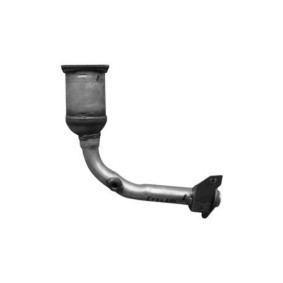 Katalysator 27.069 von IZAWIT günstig für 181,88 € online kaufen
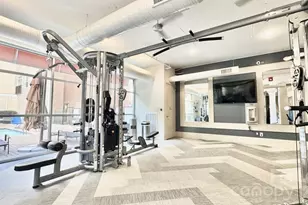 905 Kenilworth Ave, Charlotte, NC 28204 - Photo 16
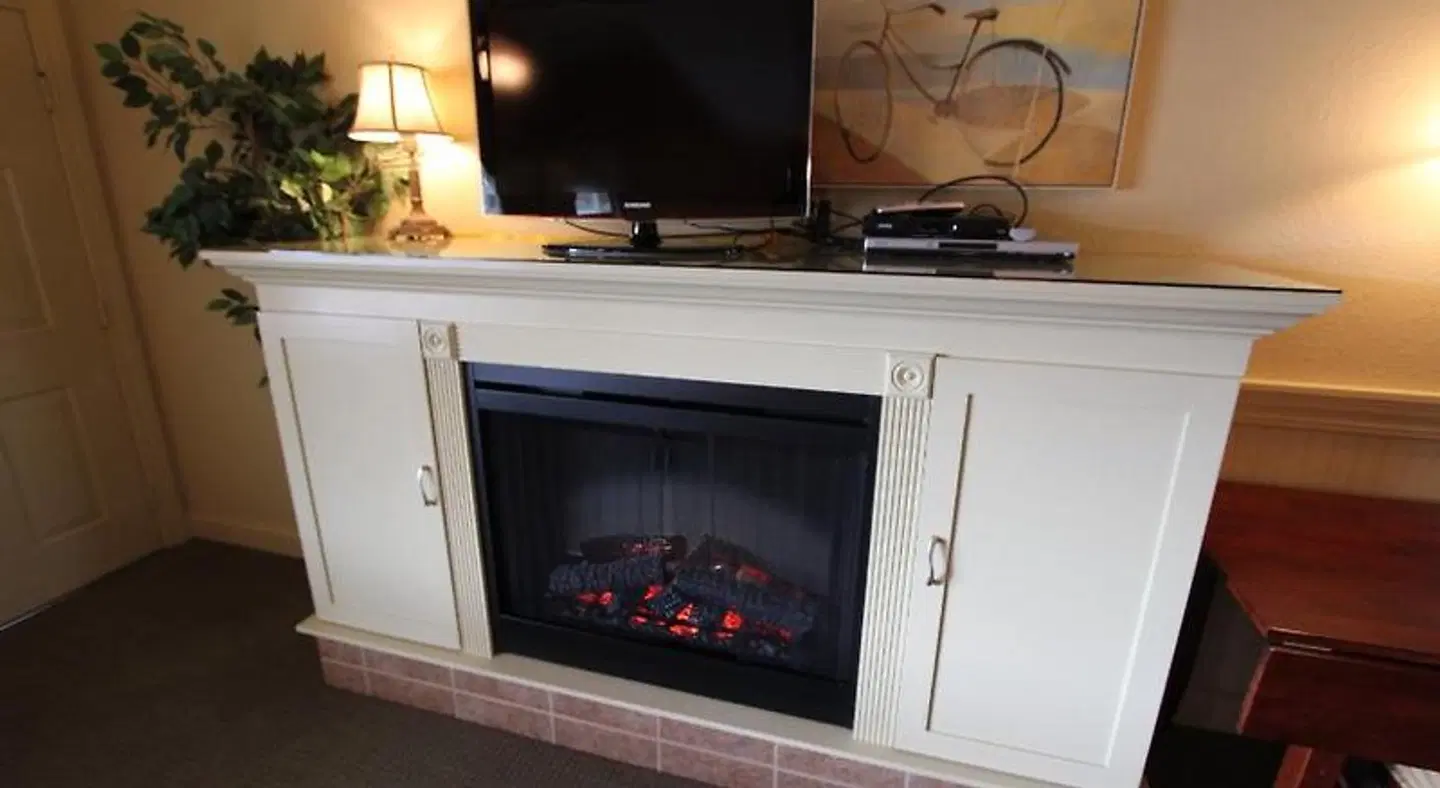 InnSeason Resorts HarborWalk ROOM_EXAMPLE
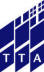 west london tile company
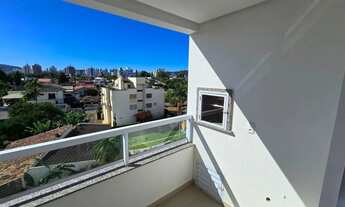 Imagem 4: Apartamento Novo Pronto no Parque da Prefeitura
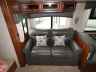 2017 JAYCO EAGLE HT 29.5BHDS - Image 9 of 30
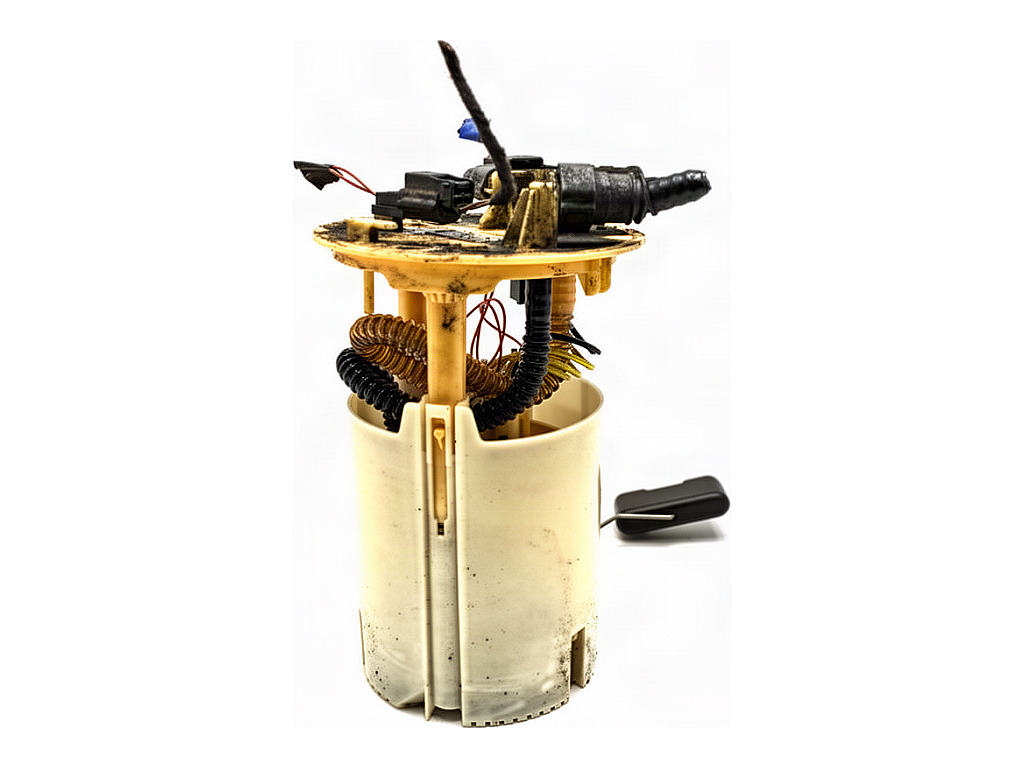 [STARK-971463] Bomba de combustible Renault Talisman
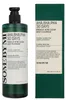 Some By Mi AHA BHA PHA 30 Days Miracle Acne Clear Body Produktbild-Vorschau 12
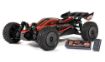 Immagine di TYPHON GROM 223S DSC BRUSHLESS 1/14 ROSSA RTR
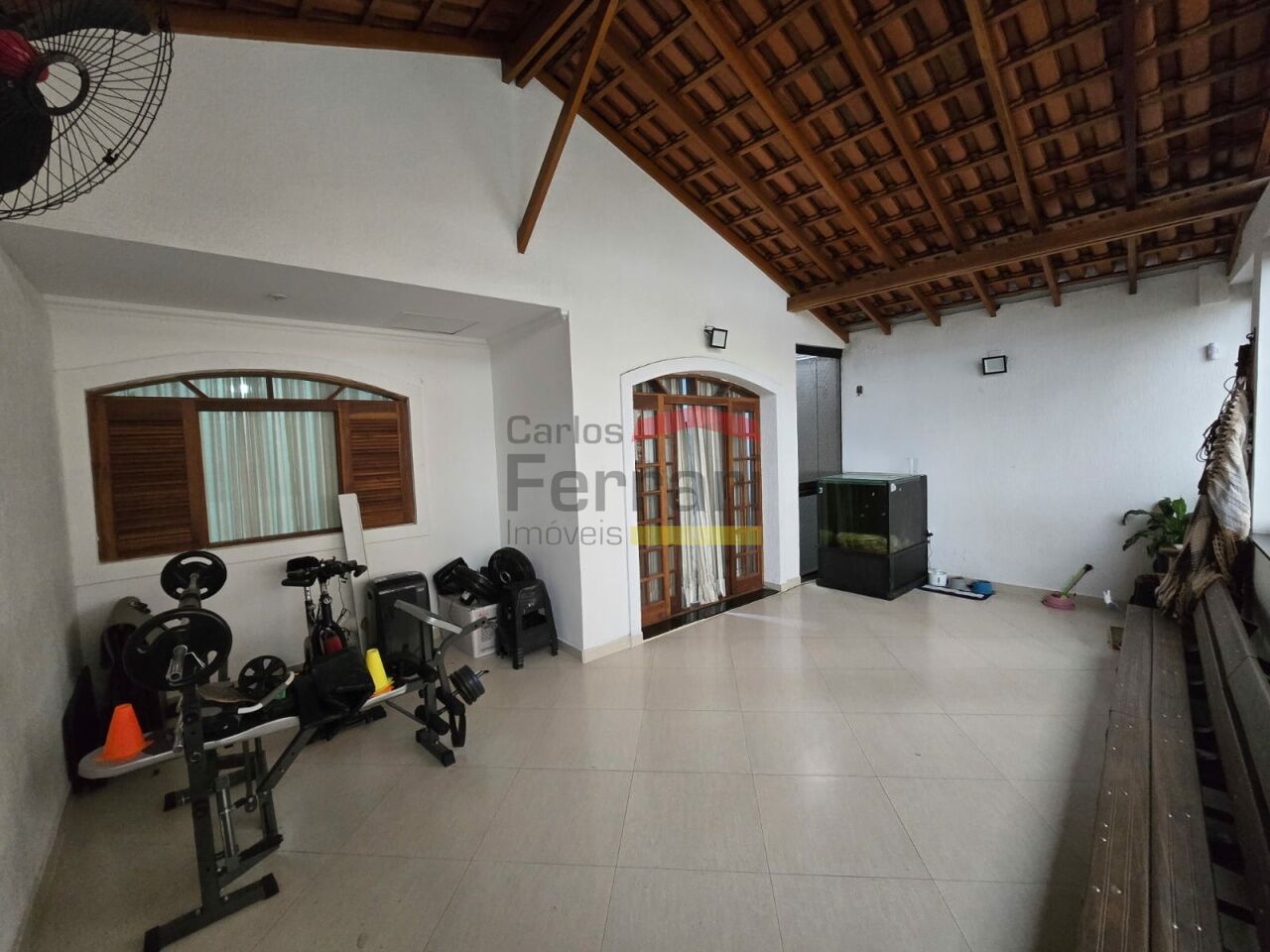 Foto 43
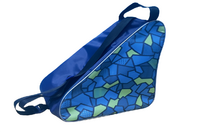 Сумка для коньков и роликов (принт) - fgospostavki.ru - Верхняя Пышма
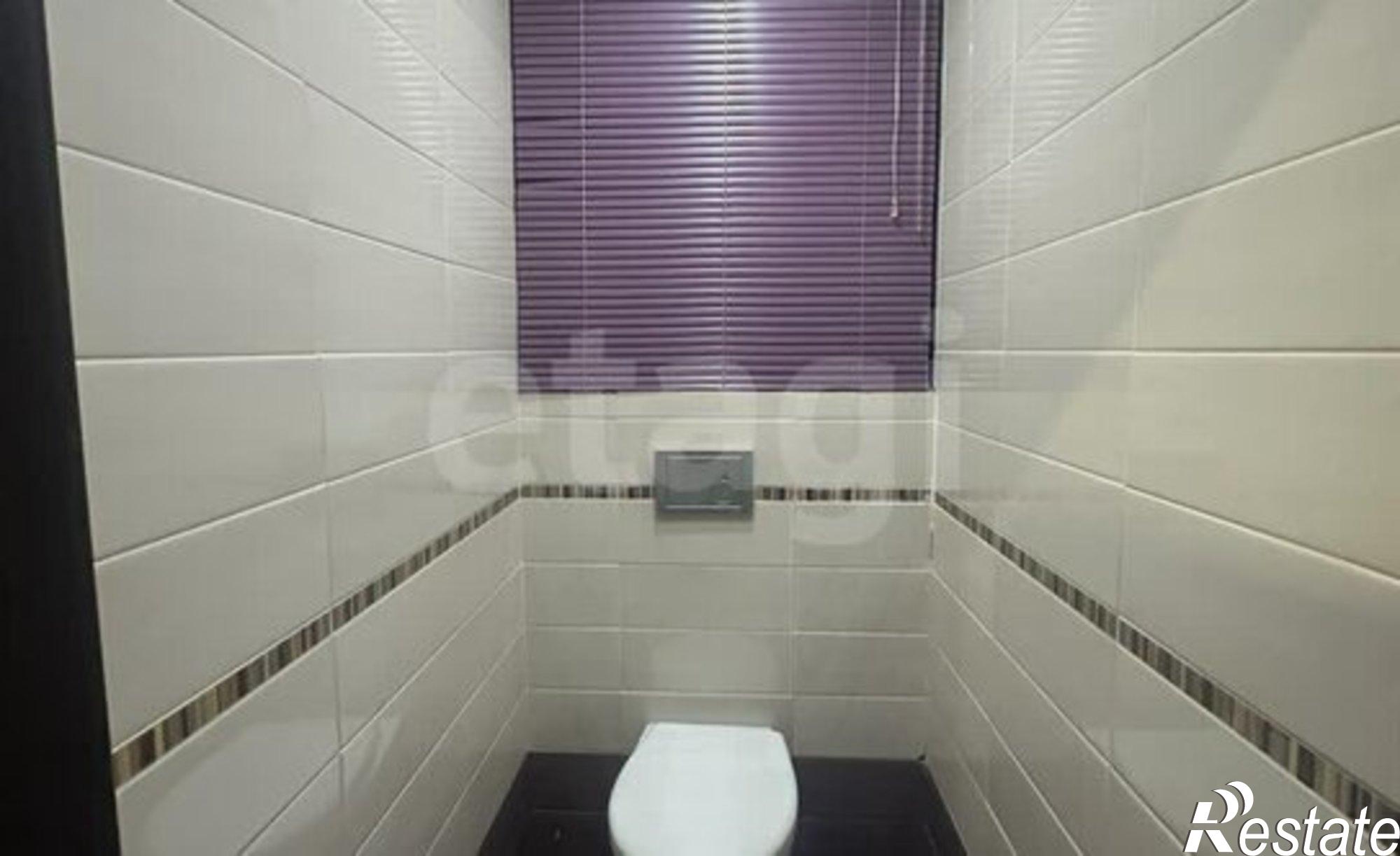 Купить квартиру за 10 500 000 рублей на Игнатьевское шоссе, 14/12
* * * * * * *
**Your instructions**. Without any pictures, reproduce exactly the lines from the line that contains "Some By Mi AHA" to the end of the entries above, both ends included.

**Written answer**.
 Some By Mi AHA BHA PHA 30 Days Miracle Acne Clear Body Produktbild-Vorschau 12
 Immagine di TYPHON GROM 223S DSC BRUSHLESS 1/14 ROSSA RTR
 Foto 43
 Сумка для коньков и роликов (принт) - fgospostavki.ru - Верхняя Пышма
 Купить квартиру за 10 500 000 рублей на Игнатьевское шоссе, 14/12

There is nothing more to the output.